··· Input records ···

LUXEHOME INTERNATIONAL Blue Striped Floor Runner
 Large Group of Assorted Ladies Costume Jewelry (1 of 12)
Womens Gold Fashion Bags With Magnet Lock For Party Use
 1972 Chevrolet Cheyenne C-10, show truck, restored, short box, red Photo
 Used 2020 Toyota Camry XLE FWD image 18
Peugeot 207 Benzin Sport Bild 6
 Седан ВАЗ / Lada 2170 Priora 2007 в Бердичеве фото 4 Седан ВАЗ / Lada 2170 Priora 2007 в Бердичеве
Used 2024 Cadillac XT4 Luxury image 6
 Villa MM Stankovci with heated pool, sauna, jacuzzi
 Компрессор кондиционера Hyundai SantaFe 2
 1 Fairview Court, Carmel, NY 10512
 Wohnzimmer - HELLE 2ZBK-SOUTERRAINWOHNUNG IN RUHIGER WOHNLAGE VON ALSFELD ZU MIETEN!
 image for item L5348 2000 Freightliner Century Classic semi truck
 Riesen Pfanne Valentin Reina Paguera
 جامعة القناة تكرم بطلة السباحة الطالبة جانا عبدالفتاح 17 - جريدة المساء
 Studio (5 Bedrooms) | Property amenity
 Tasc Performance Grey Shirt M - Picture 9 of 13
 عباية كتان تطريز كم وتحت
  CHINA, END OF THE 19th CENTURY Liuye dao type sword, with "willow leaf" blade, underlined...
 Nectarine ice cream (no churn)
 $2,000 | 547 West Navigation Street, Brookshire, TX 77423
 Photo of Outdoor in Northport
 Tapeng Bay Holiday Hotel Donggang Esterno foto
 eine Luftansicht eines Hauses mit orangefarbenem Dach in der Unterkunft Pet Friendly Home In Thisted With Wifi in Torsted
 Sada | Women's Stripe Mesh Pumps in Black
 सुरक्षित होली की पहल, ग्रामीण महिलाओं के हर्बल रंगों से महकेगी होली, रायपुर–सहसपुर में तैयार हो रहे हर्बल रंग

···

Your answer must be a single number: how many lines of the entries above contain the string "Used".

2